At the same time, to address people’s fears about Japanese food imports generally and doubts about the accuracy of information forthcoming from Japanese authorities, importing country governments began conducting their own tests. On April 4, Taiwan’s Atomic Energy Council found that all 721 imported Japanese food samples tested for radiation had passed.
Generally, confusion reigns thanks to media hype and conflicting information being provided by governments, scientists and activists. On 5 April, it was reported that India had decided to ban food imports from Japan for 3 months. If this seemed like an overreaction, to ban all imports rather than those from affected areas, then that is because it probably was. On 8 April, the Indian government at an inter-ministerial meeting claimed no such ban would take place.
The long view
In order to offset the lost agricultural production from the 10,000 farms destroyed by the tsunami, supply gaps in Japan’s food markets have quickly been filled by farmers from the United States, Thailand and China, as well as domestic producers from unaffected regions.
It is too early to tell, however, what the long term effect on Japan’s relatively low food security ratio of 40% will be. But even without the events of the last month, continuing rural flight, changing dietary patterns and the current government’s pursuit of more open agricultural trade, have been undermining efforts to increase food self-sufficiency to 50% by 2020 under the Food Action Nippon campaign (in Japanese only). It is difficult to see how the country’s food security situation can improve in the future, unless there are drastic policy changes.
Regardless of whether policy-makers are powerless or unwilling to halt this inevitable slide into more reliance on imported food, Japanese multinational companies looking for investment opportunities have gradually been making moves into overseas food and beverage markets. There are only so many drinks and snacks that can be marketed to an economy whose population is rapidly ageing.
It is reasonable to ask why food security matters at all, given that Japan can continue to import food from its friendly trading partners. Why should Japan, as an integrated member of the global trading system produce its own food at more expensive prices when others can produce it more efficiently?
Perhaps a less considered question is what happens if oil prices continue to rise as they have done in recent months? Given that the cost of food production is heavily tied to fossil fuels, how many citizens will be able to absorb food price rises in an already stuttering economy? Brendan Barrett has argued that Japan’s triple disaster constitutes a dry-run for peak oil and provides us with valuable lessons for the future.
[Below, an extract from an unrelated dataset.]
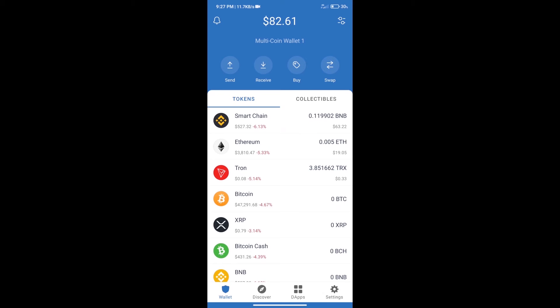Hello guys, today we will tell you how to buy Inflation Hedging Coin on Trust Wallet.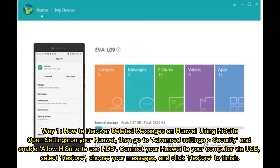Way 1: How to recover deleted messages on Huawei using HiSuite. Open Settings on your Huawei, then go to Advanced Settings, Security, and enable 'Allow HiSuite to use HDB'. Connect your Huawei to your computer via USB.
In the last month, as uncertain conditions in Tokyo and beyond have prevailed, many families returned to their hometowns in other, often less urban, parts of Japan. There, people find temporary safety in local food systems, where there may be fewer food choices but also a lower need to rely on complex, and often distant trade and production systems. In an upcoming Transition Japan article, we’ll explore the question of how these local solutions, some of which we have covered on Our World 2.0 before, can aid Japan’s transition to the future.
In the meantime, residents of Japan are being encouraged to purchase goods from those areas most affected by the human and natural calamities of last month. With concerns about radiation still on people’s radars, unfortunately for thousands of agricultural and fisheries workers in the region, it’s not a risk many people are willing to take.
With the problems facing the Fukushima plant likely to continue for another ten years this may suggest that the reputation of agricultural brands in the surrounding regions, if not Japanese food across the world, will continue to be questioned well into the long term. After all, who would by food with the “Made in Chernobyl” stamp, even today?